Dave Lizewski (played by Aaron Johnson, who shines in this role) is a regular kid who, like many other guys his age, hangs around with his few friends, searches internet for porn, reads comics, and dreams of being something more. Finally, dream becomes reality and he takes that step that no one ever does. As a result, you are terrified and mortified every time Kick-Ass, aka Dave, sets his foot outside in his ridiculous costume.

The movie is more than just fun. Without beating anyone over the head with morals, it touches on real issues. The voyeuristic aspect of our culture is directly addressed in several scenes in this movie. Kick-Ass becomes famous because someone videotapes him in action on their cell-phone, instead of helping, or even calling the police. As the movie unfolds and we watch Dave deal with school, crush on a girl, and glory silently in his new-found fame and hobby, we also watch him quickly sink in way over his head. As he starts to understand that what he’s doing is more real than he’s ready for, he is also realizing that he can’t let things be as they are. Being a victim has become part of his daily life, and he has watched other people victimized, feeling he should do something but feeling out of place, foolish, and scared. We can relate to this. In his costume he starts anew, but the rubber scuba suit isn’t quite the same as a set of muscles and a serious selection of weapons.

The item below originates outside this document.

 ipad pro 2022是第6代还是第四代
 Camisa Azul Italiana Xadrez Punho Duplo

Enter honest to god bad-asses, Big Daddy and Hit Girl, disillusioned ex-cop and his 11-year old daughter. They are perfectly unreal, but they are also what was needed to take this story from a tragedy of misguided youth to a story of vengeance, death, and triumph.   Mindy, aka Hit-Girl (played by Chloë Moretz, also starring in “The Diary of a Whimpy Kid”), is a little disturbing as a murderous foul mouth. Big Daddy (played by Nicolas Cage) is a single-minded sociopath who is training his kid to become a weapon.

The bad guy in this story is Frank D’Amico (Mark Strong), who rules the criminal underworld. His son Chris (Christopher Mintz-Plasse) is willing to do anything to gain acceptance and prove himself worthy of taking on “the business.”  The story isn’t new, but over and over,  we glimpse a simple truth: parents tell their children what “normal” means. It’s chilling.

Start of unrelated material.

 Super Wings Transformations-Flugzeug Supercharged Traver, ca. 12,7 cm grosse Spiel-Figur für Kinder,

The movie is somehow still pretty lighthearted and funny. There is plenty of fast banter overrun with dick jokes that we’ve become familiar with ever since “Superbad,” “Year One” and recently “Hot Tub Time Machine.” Christopher Mintz-Plasse and Clark Duke (playing Marty, Dave’s friend) did a great job taking care of that. Evan Peters (Dave’s other friend Todd) brought up the rear. Also, probably unintentional, but I thought it was funny that Dave’s school, trying to exude a sense of danger and having to grow up hard with its ever present graffiti and metal detectors was filled with white middle class kids who had everything they needed, including plenty of cash.

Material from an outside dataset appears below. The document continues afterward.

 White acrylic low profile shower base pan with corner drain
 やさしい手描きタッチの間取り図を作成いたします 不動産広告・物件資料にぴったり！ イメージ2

Obviously, I recommend you go see this flick. It’s got great action sequences, which are also smart and fun. The cast is excellent, the plot is better than could have been expected for a movie based on a comic book (which I haven’t read yet, so this might be an unfair statement). And, to get back to the title question… if “with power comes responsibility” is true, is the inverse true as well?  To answer this little logic problem you just have to watch the movie, or you know, think about it a little.

    • dazvsemir
    • April 17th, 2010

    Great review, but I’ll likely wait for the cable broadcast.

    • Jesse
    • April 18th, 2010

    Review was ALMOST as good as the movie. ALMOST. But seriously, that movie was stellar for all the reasons you stated.

  1. I also enjoyed the movie. It was hilarious! I laughed through most of it.